--- Entries shown Enclosed Below ---

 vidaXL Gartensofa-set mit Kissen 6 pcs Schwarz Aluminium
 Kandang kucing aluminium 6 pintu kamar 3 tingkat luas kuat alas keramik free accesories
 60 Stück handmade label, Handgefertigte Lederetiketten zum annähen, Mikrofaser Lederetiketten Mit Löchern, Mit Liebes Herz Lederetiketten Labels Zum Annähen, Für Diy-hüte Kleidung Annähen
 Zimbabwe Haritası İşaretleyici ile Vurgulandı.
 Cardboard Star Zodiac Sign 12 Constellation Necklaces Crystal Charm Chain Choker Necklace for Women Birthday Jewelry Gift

--- End of Enclosed Entries shown ---
--- Entries shown Enclosed Below ---

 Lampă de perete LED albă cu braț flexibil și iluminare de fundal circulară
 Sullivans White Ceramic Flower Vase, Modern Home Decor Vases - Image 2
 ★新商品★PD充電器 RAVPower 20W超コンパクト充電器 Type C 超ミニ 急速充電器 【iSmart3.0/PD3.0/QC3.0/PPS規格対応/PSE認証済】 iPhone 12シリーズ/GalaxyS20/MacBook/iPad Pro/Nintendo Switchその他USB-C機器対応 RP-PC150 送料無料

--- End of Enclosed Entries shown ---

» Problem to solve
Where the listing above has a line with "Sullivans White Ceramic", start there, and output every line exactly through the line with "Switchその他USB-C機器対応 RP-PC150 送料無料", which is also included.

» Response for this exercise
 Sullivans White Ceramic Flower Vase, Modern Home Decor Vases - Image 2
 ★新商品★PD充電器 RAVPower 20W超コンパクト充電器 Type C 超ミニ 急速充電器 【iSmart3.0/PD3.0/QC3.0/PPS規格対応/PSE認証済】 iPhone 12シリーズ/GalaxyS20/MacBook/iPad Pro/Nintendo Switchその他USB-C機器対応 RP-PC150 送料無料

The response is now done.